‘Students should be thinking about their CVs while they’re at university,’ says Paul Tolley of recruiters sf group. ‘If someone comes straight to us as a graduate, it’s harder to help them. If they’ve had a year’s relevant work experience, we can help them every day of the week.’
Never rush an application. ‘Why would somebody spend three years and get £10,000 into debt to knock out poor-quality CVs?’ asks Simon Perriton of Just IT training.
Never express an interest in a ‘pubic relations’ career. ‘If someone sends us an application that has mistakes in it, we won’t even read their CV,’ say PR firm White Oaks.

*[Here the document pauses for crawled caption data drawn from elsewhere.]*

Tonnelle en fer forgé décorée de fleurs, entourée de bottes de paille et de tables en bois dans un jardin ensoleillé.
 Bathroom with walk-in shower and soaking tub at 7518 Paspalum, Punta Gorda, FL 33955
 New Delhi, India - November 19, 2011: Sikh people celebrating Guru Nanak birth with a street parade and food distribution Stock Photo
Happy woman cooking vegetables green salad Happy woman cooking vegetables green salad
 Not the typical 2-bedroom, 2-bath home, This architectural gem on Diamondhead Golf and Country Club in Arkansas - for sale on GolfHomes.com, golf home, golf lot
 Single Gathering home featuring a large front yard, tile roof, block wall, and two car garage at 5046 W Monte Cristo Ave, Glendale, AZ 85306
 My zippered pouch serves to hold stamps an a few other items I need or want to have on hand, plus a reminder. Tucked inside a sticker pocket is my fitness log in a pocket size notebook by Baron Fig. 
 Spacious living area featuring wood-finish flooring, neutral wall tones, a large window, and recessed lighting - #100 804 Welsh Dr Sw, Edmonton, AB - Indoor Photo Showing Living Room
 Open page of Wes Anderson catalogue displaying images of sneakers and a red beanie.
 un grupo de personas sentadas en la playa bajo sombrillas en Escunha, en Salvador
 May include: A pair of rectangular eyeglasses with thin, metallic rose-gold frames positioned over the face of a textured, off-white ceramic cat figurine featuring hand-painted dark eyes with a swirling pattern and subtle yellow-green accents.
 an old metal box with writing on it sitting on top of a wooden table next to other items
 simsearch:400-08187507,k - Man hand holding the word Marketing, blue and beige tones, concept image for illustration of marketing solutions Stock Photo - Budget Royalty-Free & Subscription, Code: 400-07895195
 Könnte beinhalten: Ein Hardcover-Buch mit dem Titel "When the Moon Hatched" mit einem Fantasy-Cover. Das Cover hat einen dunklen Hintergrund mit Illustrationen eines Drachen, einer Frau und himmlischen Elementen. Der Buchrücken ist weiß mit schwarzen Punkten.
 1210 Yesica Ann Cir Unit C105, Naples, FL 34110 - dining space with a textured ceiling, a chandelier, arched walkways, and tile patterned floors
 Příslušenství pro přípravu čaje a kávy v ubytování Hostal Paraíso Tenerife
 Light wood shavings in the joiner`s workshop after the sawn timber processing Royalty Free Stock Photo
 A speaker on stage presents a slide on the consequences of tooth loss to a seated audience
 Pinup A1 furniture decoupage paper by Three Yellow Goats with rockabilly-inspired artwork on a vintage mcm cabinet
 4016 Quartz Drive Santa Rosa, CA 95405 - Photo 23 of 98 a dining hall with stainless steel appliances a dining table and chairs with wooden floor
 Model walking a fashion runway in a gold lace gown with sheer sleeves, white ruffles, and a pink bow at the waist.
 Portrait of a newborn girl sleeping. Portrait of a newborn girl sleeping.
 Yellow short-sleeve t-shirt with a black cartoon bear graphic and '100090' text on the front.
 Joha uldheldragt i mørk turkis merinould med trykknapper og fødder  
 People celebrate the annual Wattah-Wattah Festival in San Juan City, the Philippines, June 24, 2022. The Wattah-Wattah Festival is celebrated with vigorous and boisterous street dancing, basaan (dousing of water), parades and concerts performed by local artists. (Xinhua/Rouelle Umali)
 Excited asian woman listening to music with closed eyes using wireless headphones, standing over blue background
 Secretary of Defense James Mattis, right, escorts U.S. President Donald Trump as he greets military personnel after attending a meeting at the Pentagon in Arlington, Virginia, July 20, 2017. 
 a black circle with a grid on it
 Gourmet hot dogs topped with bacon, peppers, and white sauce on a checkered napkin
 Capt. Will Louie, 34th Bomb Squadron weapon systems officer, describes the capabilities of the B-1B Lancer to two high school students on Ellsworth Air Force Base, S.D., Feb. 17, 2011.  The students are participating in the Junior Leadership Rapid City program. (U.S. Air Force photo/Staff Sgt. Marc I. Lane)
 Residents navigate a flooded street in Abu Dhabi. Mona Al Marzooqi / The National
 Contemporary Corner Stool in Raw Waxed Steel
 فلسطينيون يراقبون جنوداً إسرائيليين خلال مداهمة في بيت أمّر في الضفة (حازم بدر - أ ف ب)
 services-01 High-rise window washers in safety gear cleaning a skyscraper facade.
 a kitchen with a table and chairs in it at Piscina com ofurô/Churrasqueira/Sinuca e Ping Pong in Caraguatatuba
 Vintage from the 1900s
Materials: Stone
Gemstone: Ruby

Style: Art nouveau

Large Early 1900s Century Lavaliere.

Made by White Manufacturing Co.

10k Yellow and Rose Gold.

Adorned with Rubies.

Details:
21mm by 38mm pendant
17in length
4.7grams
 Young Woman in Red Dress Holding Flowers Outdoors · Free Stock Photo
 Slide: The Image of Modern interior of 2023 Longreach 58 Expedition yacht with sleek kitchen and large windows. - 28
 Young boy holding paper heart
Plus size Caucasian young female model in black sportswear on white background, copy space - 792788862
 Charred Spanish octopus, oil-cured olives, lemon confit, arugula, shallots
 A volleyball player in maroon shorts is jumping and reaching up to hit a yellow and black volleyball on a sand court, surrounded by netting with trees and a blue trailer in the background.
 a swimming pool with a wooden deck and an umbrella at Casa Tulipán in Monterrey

‘I think these days people are more impressed by clarity of expression and thought than they are by the extent of somebody’s vocabulary,’ says Tony Maher of the Plain English campaign.
‘I don't think you should ever use the words "I've only". You have to accentuate the positive,’ advises Carl Gilleard, chief executive of the Association of Graduate Recruiters.
‘You might be very good, but if you knock on the door without an appointment and ask for a job, that tells us all we need to know about you. We’re very busy!’ comments LEWIS PR’s Clive Booth.
‘You can't do a postgraduate course because you can't think what to do, or there isn't anything else to do,’ says Carl Gilleard.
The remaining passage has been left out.